This API utilises the Support Vector Classifier model which is less performant than the transformer-based Distilbert model. However, it is also much quicker and simpler. Performance metrics for this model can be seen on our project documentation website.

The API has been created using FastAPI and is deployed on Posit Connect. The URL is available on request. Full documentation for the API, automatically generated by FastAPI, is available at [API URL]/docs.

How to make an API call

1. Prepare the data in JSON format. In Python, this is a list containing as many dicts as there are comments to be predicted. Each dict has two compulsory keys:

  • comment_id: Unique ID associated with the comment, in str format. Each Comment ID per API call must be unique.
  • comment_text: Text to be classified, in str format.
# In Python

text_data = [
              { 'comment_id': '1', # The comment_id values in each dict must be unique.
                'comment_text': 'This is the first comment. Nurse was great.',
                },
              { 'comment_id': '2',
                'comment_text': 'This is the second comment. The ward was freezing.',
                },
              { 'comment_id': '3',
                'comment_text': '',  # This comment is an empty string.
                },
            ]
# In R

library(jsonlite)

comment_id <- c("1", "2", "3")
comment_text <- c(
  "This is the first comment. Nurse was great.",
  "This is the second comment. The ward was freezing.",
  ""
)
df <- data.frame(comment_id, comment_text)
text_data <- toJSON(df)

2. Send the JSON containing the text data to the predict_multilabel endpoint. In python, this can be done using the requests library.

# In Python

import requests

url = "API_URL_GOES_HERE"

response = requests.post(f"{url}/predict_multilabel",
                          json = text_data)
# In R

library(httr)

r <- POST(
  url = "API_URL_GOES_HERE",
  body = text_data,
  encode = "json",
  add_headers(
    "Content-Type" = "application/json"
  )
)

3. After waiting for the data to be processed and passed through the machine learning model, receive predicted labels at the same endpoint, in the example format below.

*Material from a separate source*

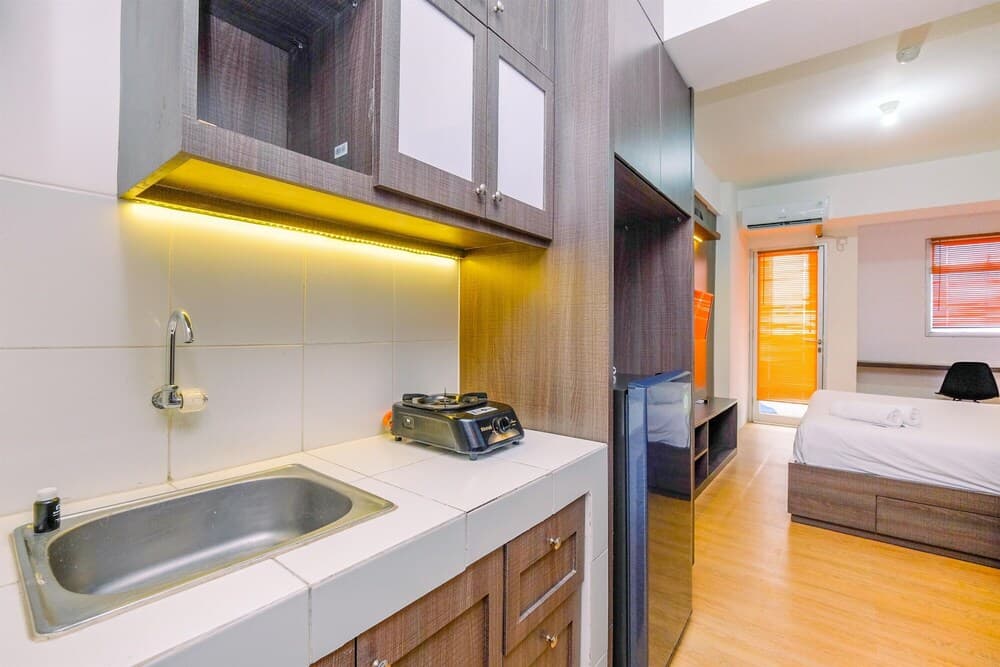 Minimalist And Homey Studio At Gunung Putri Square Apartment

Note that the comment with blank text, with comment_id 3, was assigned the label 'Labelling not possible' as it would have been stripped out during preprocessing.

# In Python

print(response.json())
# Output below
[
  { 'comment_id': '1',
    'labels': ['Non-specific praise for staff']} ,
  { 'comment_id': '2',
    'labels': ['Sensory experience']} ,
  { 'comment_id': '3',
    'labels': ['Labelling not possible'] }
]
# In R

r_parsed = fromJSON(content(r, "text"))